We live in somerset, and totally enjoy breeding. our ratties have nice big cages and lots of hammocks which are made by my friend..

So what does everyone breed? where are you all based? 

xx


----------



## kato (May 12, 2007)

geckocider said:


> Hey everyone
> Just wondering about fancy rat breeders. A friend and I breed fancy rats. My friend breeds Russian blue, russian silver, Mink, soon Brittish blue she also breeds other colours but mainly the blues.
> I breed Black eyed siameses, blue point siameses, minks, dark phase pearls and russian blues. I have alot of rex's in my lot as i love them.
> We live in somerset, and totally enjoy breeding. our ratties have nice big cages and lots of hammocks which are made by my friend..
> ...


I breed people that talk to loud and never offer to make a coffee when they crash at your house all day.:Na_Na_Na_Na:

ps There is a very very nice tea for tonight if you are over?

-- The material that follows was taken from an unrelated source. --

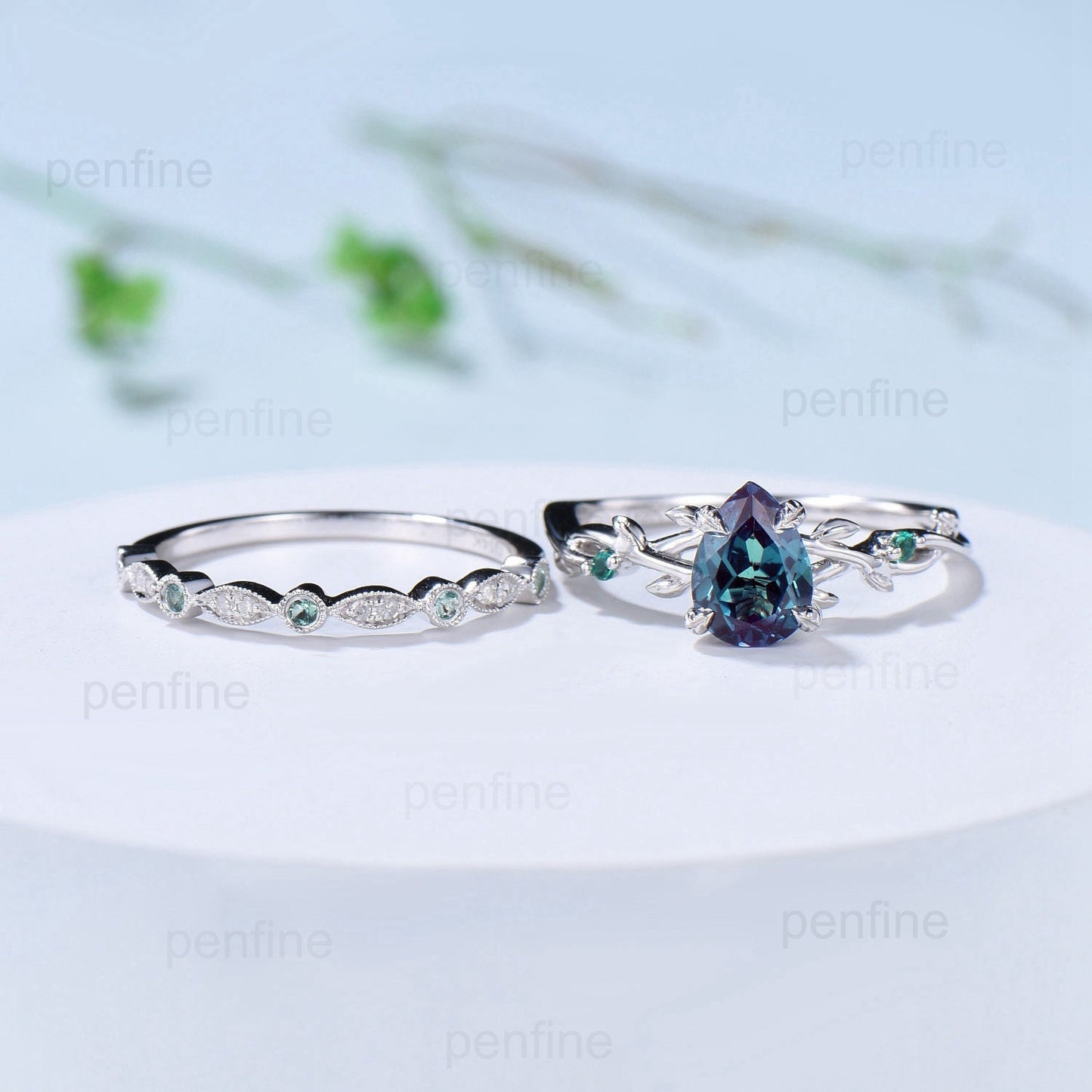 Twig Alexandrite Ring Set Vintage Pear Shaped 14K White Gold Engagement Ring Nature Inspired Wedding Set Art Deco Emerald Bridal Ring Set - PENFINE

pps I don't breed anything anymore.


----------



## feorag (Jul 31, 2007)

kato said:


> I breed people that talk to loud and never offer to make a coffee when they crash at your house all day.:Na_Na_Na_Na:


Strangely enough so do I!!

I don't breed rats, but I have Archie, who is a black berkie rex and Kenzie who is a champagne and I luvs them! :flrt:

Course you know the rule on here - photographs or they don't exist!


----------



## Mischievous_Mark (Mar 16, 2008)

I still have a few, although i havent been on this forum for a far while due to many various reasons haha!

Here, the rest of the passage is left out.